Optimization

Optimizers

XPM Configxpmir.learning.optim.Optimizer[source]

Bases: experimaestro.core.objects.Config

XPM Configxpmir.learning.optim.Adam(*, lr, weight_decay, eps)[source]

Bases: xpmir.learning.optim.Optimizer

Wrapper for Adam optimizer in PyTorch

lr: float = 0.001

Learning rate

weight_decay: float = 0.0

Weight decay (L2)

eps: float = 1e-08
XPM Configxpmir.learning.optim.AdamW(*, lr, weight_decay, eps)[source]

Bases: xpmir.learning.optim.Optimizer

Adam optimizer that takes into account the regularization

See the PyTorch documentation

lr: float = 0.001
weight_decay: float = 0.01
eps: float = 1e-08
XPM Configxpmir.learning.optim.ParameterOptimizer(*, optimizer, scheduler, module, filter)[source]

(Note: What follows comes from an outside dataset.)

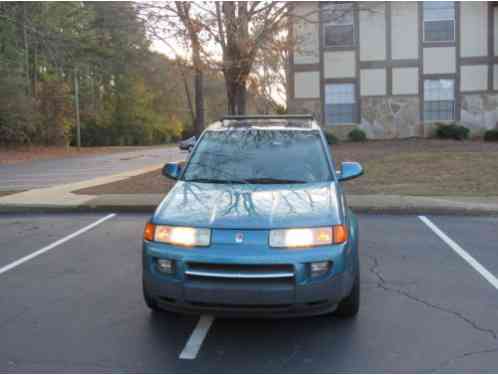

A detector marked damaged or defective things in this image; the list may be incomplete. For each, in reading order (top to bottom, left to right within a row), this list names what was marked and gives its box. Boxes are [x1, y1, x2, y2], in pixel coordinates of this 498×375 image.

crack in asphalt [364, 256, 496, 344]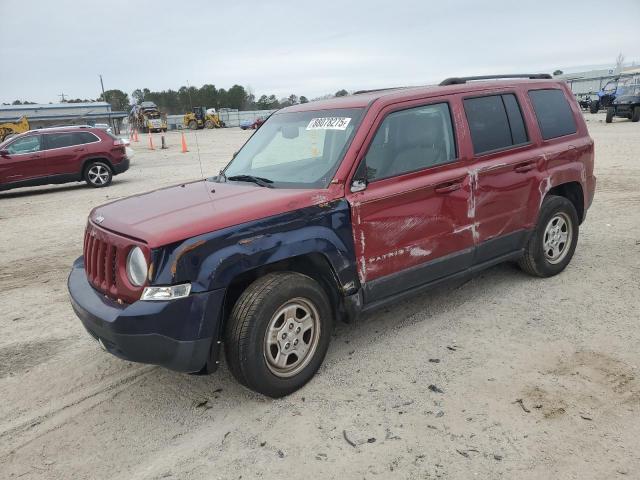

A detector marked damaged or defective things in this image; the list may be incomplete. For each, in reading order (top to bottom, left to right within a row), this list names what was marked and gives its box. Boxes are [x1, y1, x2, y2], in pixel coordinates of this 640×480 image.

Bases: experimaestro.core.objects.Config

Associates an optimizer with a list of parameters to optimize

optimizer: xpmir.learning.optim.Optimizer

The optimizer

scheduler: xpmir.learning.schedulers.Scheduler

The optional scheduler

module: xpmir.learning.optim.Module

The module from which parameters should be extracted

filter: xpmir.learning.optim.ParameterFilter = xpmir.learning.optim.ParameterFilter()

How parameters should be selected for this (by default, use them all)

XPM Configxpmir.learning.optim.ParameterFilter[source]

Bases: experimaestro.core.objects.Config

One abstract class which doesn’t do the filtrage

XPM Configxpmir.learning.optim.Module[source]

Bases: experimaestro.core.objects.Config, TorchModule

A module contains parameters

Batching

XPM Configxpmir.learning.batchers.Batcher[source]

Bases: experimaestro.core.objects.Config

Responsible for micro-batching when the batch does not fit in memory

The base class just does nothing (no adaptation)

XPM Configxpmir.learning.batchers.PowerAdaptativeBatcher[source]

Bases: xpmir.learning.batchers.Batcher

Starts with the provided batch size, and then divides in 2, 3, etc. until there is no more OOM

Devices

The devices configuration allow to select both the device to use for computation and the way to use it (i.e. multi-gpu settings).

XPM Configxpmir.letor.devices.Device[source]

Bases: experimaestro.core.objects.Config

Device to use, as well as specific option (e.g. parallelism)

XPM Configxpmir.letor.devices.CudaDevice(*, gpu_determ, cpu_fallback, distributed)[source]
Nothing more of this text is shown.